En cet instant, je revis en imagination le visage de la jeune femme, ses cheveux d’or et toute la délicatesse de ses traits.
— Oui, elle est tout indiquée. Quelle que soit la forme du testament établi par Nick, il en ressort certainement que Frederica Rice devient sa légataire universelle. Sauf la « Maison du Péril », tous ses biens lui reviennent. Si Miss Nick avait été tuée hier à la place de Miss Maggie, Mrs Rice serait riche à l’heure actuelle.
— J’ai peine à croire cette éventualité.
— Autrement dit, vous vous refusez à admettre qu’une jolie personne puisse commettre un crime ? C’est là un point qui, parfois, fait hésiter certains membres du jury. Néanmoins, il se peut que vous ayez raison, car il reste un autre personnage suspect.
— Qui ?
— Charles Vyse.
— Il n’hériterait que de la maison.
— Oui… mais peut-être l’ignore-t-il. Est-ce lui qui a rédigé le testament de Miss Nick ? Je ne le pense pas, autrement cet acte serait en sa possession et ne « traînerait pas quelque part », selon les propres paroles de la jeune fille.
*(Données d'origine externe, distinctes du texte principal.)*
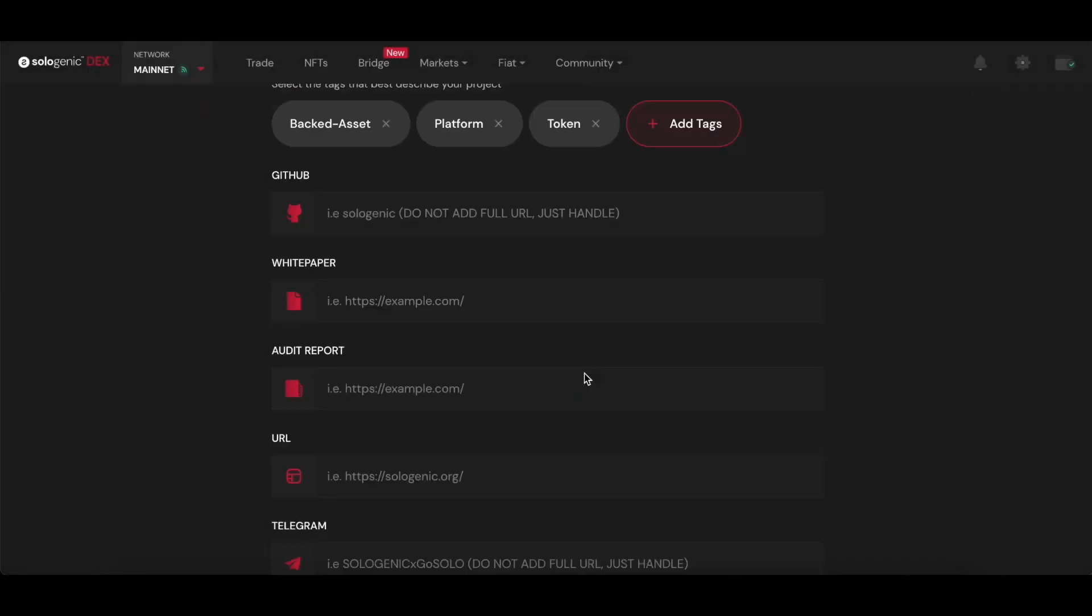Lastly, you can input some links that might be relevant to the project like Discord, chat, an official website, social media. And of course, don't forget to upload the token logo, which will be visible on the market index and the IDO launchpad as well.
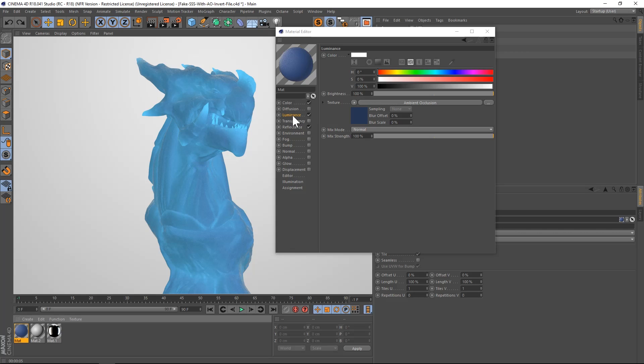So in the next tutorial, I'll show you how to do this in Octane. It'll be a really short tutorial because it's just a couple of clicks and you get a really nice result. It's a little bit more finicky in Cinema 4D, takes a little bit more messing around with, but the result is really cool. So I hope you learned something. Thanks as always for checking out the Pixel Lab. We'll talk to you next time. Ciao.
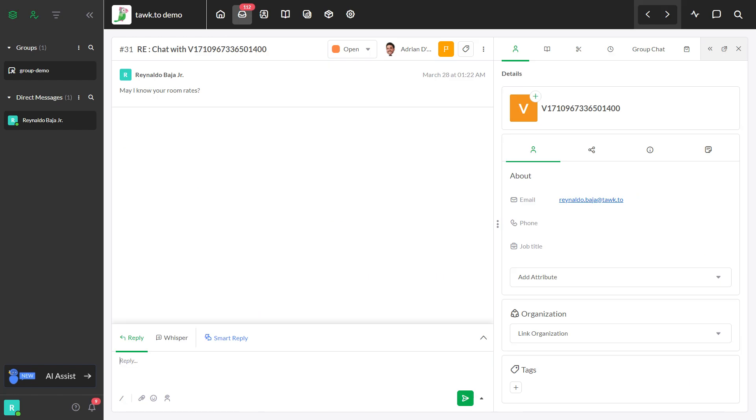The second area is when responding to an open ticket, just like when responding to a live chat. Simply click Smart Reply, in blue, and the system will generate the response.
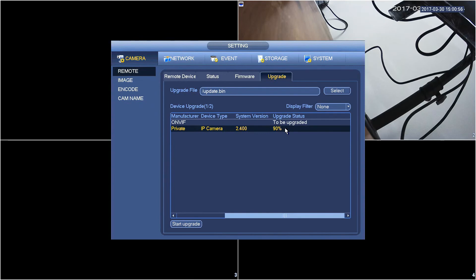We have sped up our video here just to save time but it takes about a minute, minute and a half to upgrade the firmware. Once it's done you will see a finish status as here and the camera will then power off and reboot.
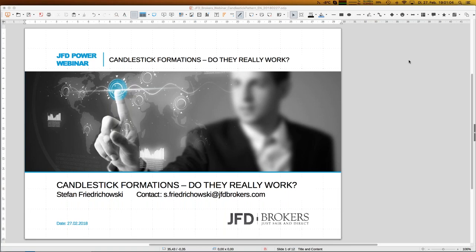The title and content for today's webinar is: candlestick formations - do they really work? And you see that sounds a little bit skeptical. Indeed, you will learn today that not everything is as written in textbooks about candlestick formations or candlestick patterns. I am a little bit skeptical, and the results you will see will underline that.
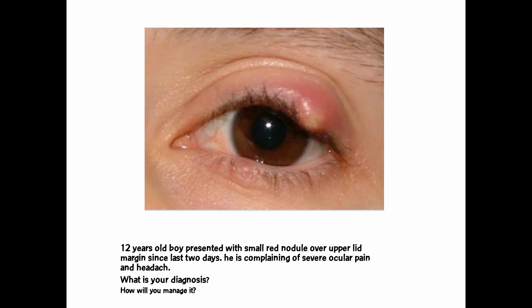The next case: a 12-year-old boy presents with a small red nodule over the upper eyelid margin since last two days, with severe ocular pain and headache. The diagnosis is a stye. When there is pain, a short history, and the lesion is on the margin of the eyelid, it is a stye. Management includes pulling the embedded eyelash from the pustule area, oral antibiotics, oral painkillers, hot compresses, and topical antibiotics.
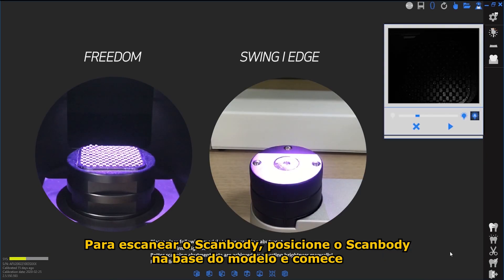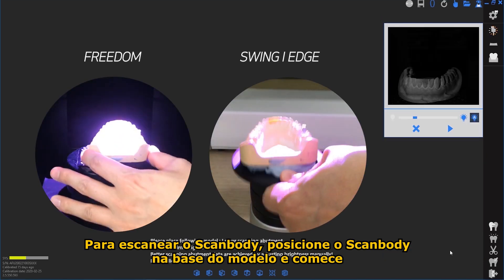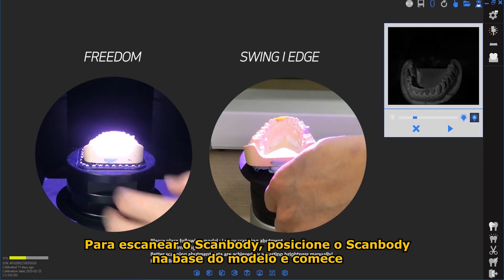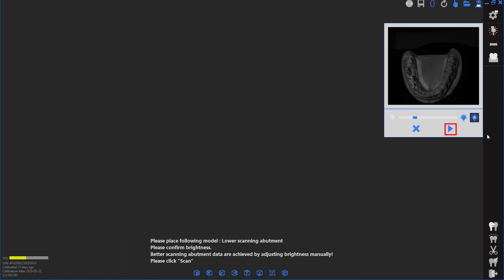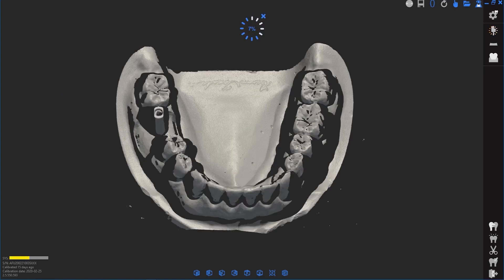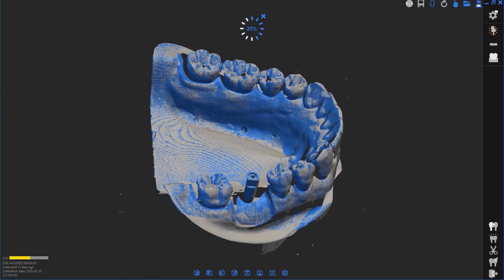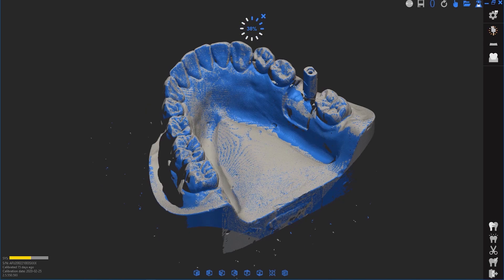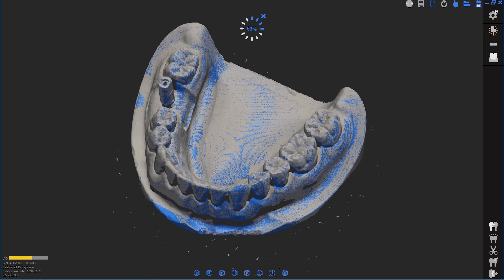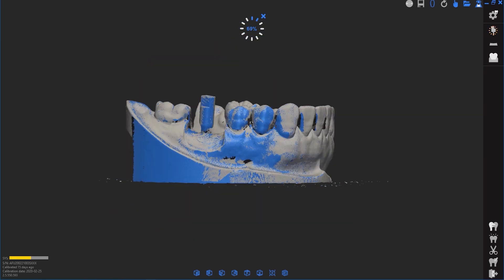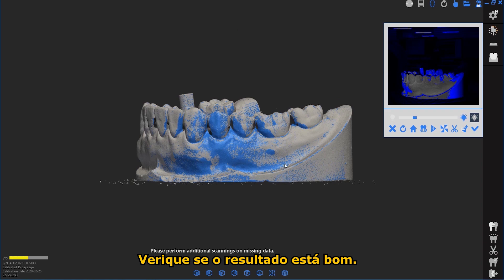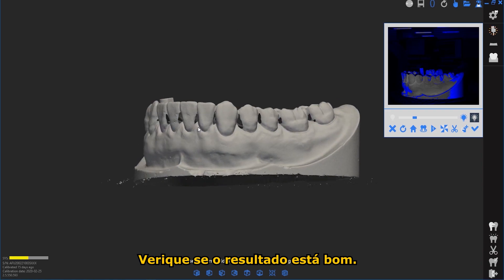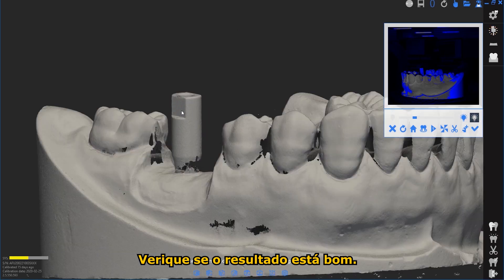To scan a scanbody, place the scanbody onto the base model and scan. Verify that the scanbody has been scanned accurately.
Par conséquent, mon cher Hastings, il est fort probable que Vyse, ne sachant pas que ce testament existe, nourrisse l’espoir d’hériter de la totalité des biens à titre de parent le plus proche.
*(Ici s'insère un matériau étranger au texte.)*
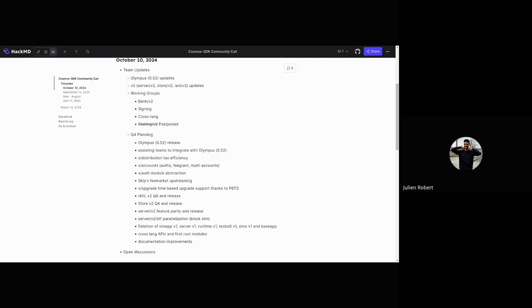As I mentioned earlier, the idea for IAVL V2, Store V2, and Server V2 is to release this long work that we've been doing. We've already entered QA and are doing API review. We're planning to release IAVL V2, Store V2, and the whole bunch of Server V2 this quarter.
— Je conviens que cette alternative m’apparaît beaucoup plus vraisemblable.
— Encore votre esprit romanesque, Hastings ! Moi je vois en Vyse l’avocat sans cause et vénal, traître assez courant au théâtre et dans les romans. Si, en sa qualité d’homme de loi, Vyse sait garder son visage impassible, les apparences sont en sa faveur. Mais peut-être sait-il mieux que Mrs Rice où se trouve le revolver et comment s’en servir.
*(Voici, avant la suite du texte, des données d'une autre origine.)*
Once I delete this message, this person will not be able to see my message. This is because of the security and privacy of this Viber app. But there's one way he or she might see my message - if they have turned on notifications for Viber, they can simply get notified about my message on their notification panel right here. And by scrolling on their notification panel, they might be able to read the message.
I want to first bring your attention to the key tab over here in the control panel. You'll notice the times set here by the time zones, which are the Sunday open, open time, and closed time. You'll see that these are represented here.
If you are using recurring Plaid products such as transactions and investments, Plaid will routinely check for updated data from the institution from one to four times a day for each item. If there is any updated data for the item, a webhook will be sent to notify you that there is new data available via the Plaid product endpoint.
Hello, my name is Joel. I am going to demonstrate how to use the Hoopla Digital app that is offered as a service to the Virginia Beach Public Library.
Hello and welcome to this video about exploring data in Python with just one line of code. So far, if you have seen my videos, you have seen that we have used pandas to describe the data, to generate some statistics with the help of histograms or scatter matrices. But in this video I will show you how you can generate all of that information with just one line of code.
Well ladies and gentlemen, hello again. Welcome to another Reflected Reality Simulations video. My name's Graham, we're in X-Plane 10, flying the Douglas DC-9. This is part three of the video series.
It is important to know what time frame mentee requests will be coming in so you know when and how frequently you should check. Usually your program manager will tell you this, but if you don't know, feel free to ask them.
— Et comment précipiter aussi la grosse roche en bas de la falaise !
— Possible. Cependant, comme je vous l’ai dit, le même résultat pouvait être obtenu par la simple force d’un levier ; en outre, le fait que le coupable ait si mal calculé son coup et manqué son but explique qu’il s’agit là d’une main féminine. À première vue, il semble que le truquage de la voiture ait été l’œuvre d’une main masculine, mais convenons que, de nos jours, les femmes connaissent autant la mécanique que les hommes. Enfin, notre hypothèse contre Mr Vyse comporte un ou deux points faibles.
— Lesquels ?
— Il était moins bien placé que Mrs Rice pour recevoir les confidences de Nick concernant ses fiançailles. En outre, sa réaction précipitée me surprend quelque peu.
— Je ne vous suis pas.
— Jusqu’à hier soir, il n’existait aucune certitude sur la mort de Seton. Agir de façon aussi inconsidérée n’est pas, ce me semble, le propre d’un homme de loi.
— Autrement dit, on serait presque tenté de conclure à la culpabilité d’une femme.
— Précisément. « Ce que femme veut, Dieu le veut. » Voilà comment l’affaire se présente.
— La façon dont Nick échappa au sort qui l’attendait tient du miracle.
À cet instant précis, je me remémorai l’intonation avec laquelle Frederica avait prononcé ces paroles : « Il semble que Nick bénéficie d’une protection surnaturelle. »
— Très juste, répondit Poirot. Mon seul regret c’est de n’être pour rien dans cette protection.
— La Providence l’a voulu ainsi, murmurai-je.
— Mon cher ami, je déteste entendre imputer à Dieu les maladresses des humains. Vous vous exprimez sur le même ton que si vous récitiez vos actions de grâces au Seigneur, sans réfléchir que vous accusez ainsi le Très-Haut d’avoir tué Maggie Buckley.